Potty training is a big step for every young child. It is also an important stage for their parents, who often worry if their child is being toilet trained at the right time and in the right way. Read on for some excellent tips on infant potty training.

When to Start Potty Training

Experts have different opinions on when to start potty training. Some say that it’s better for nature to take its course while others believe that early potty training is best.

The only right answer when it comes to when to start infant potty training is whether your child is ready. Remember your role is to support and encourage your child, not to force him.

However parents should be prepared for this moment. Preparing toilet training strategies is important so that you can properly guide your child through the potty training process.

Look for signals that your child is ready to start toilet training. This includes an increased awareness in your child of toilets or their bodily functions and a greater awareness of when they go pee or poo, especially beforehand. Also, your infant might also start talking about pee or poop and ask you questions about it.

Toilet Training Tips: Establishing A Routine

Potty training a toddler doesn’t have to be difficult. It’s important to establish guidelines to help your child learn about and to actively involve them in the toilet training process.

Use the above signs as your guide. Reinforce your child’s interest in pee and poop by talking openly about going potty and answer any questions they might have. Reinforce your child’s interest in the potty by reinforcing them through action.

Establish a daytime routine; at the beginning, set a timer for every two hours. When it rings, say "It’s potty time" and teach your child to say the same if he has to use the potty. He’ll soon catch on.

If your child has a bowel movement in her diaper, physically put the poop in the toilet. Let your child watch; it’ll help her establish an association between the two.

Once your child becomes a little more independent, give her more space. Say, "You go to the potty and I’ll be there in a minute." Learn to start respecting her need for privacy.

Another great toilet training tip is to relocate the potty near to your child’s play area so that it won’t be an interruption to his playtime.

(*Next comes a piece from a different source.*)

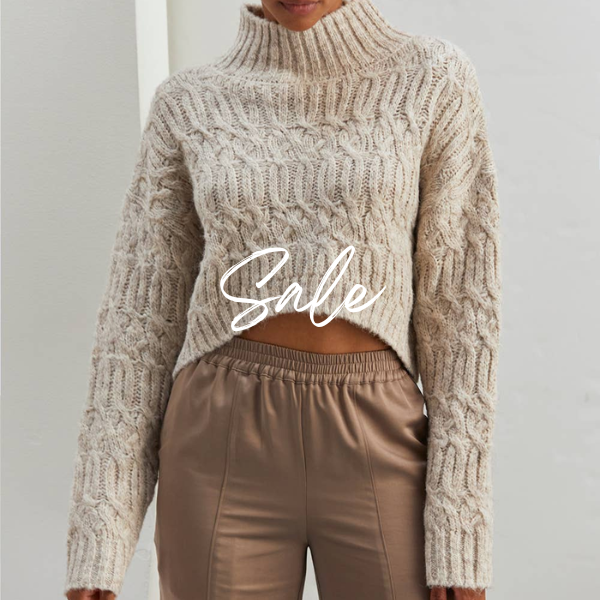 A woman wearing a mock neck sweater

Above all, it’s important not to force your child. If your child isn’t catching on, chances are he’s not ready to start potty training yet.


Keep praise simple. A word of encouragement and a reassuring hug go a long way.

Be sure to give praise when your child stays dry between trips to the potty.

Focus on the positives. If your child remembered to wash her hands, praise her for her good hygiene. Don’t focus on the fact that this time she forgot to flush. Potty training a toddler is a process that takes time.

Potty Training and Hygiene

Hygiene is an important part of potty training.

Teach your child to wipe himself properly; show your child how to wash her hands thoroughly.

Change soiled underwear and clothes promptly.

Offer rewards for good hygiene. Giving your child a sticker every time she practices good hygiene will help keep her motivated and is a fun way to chart her potty training progress.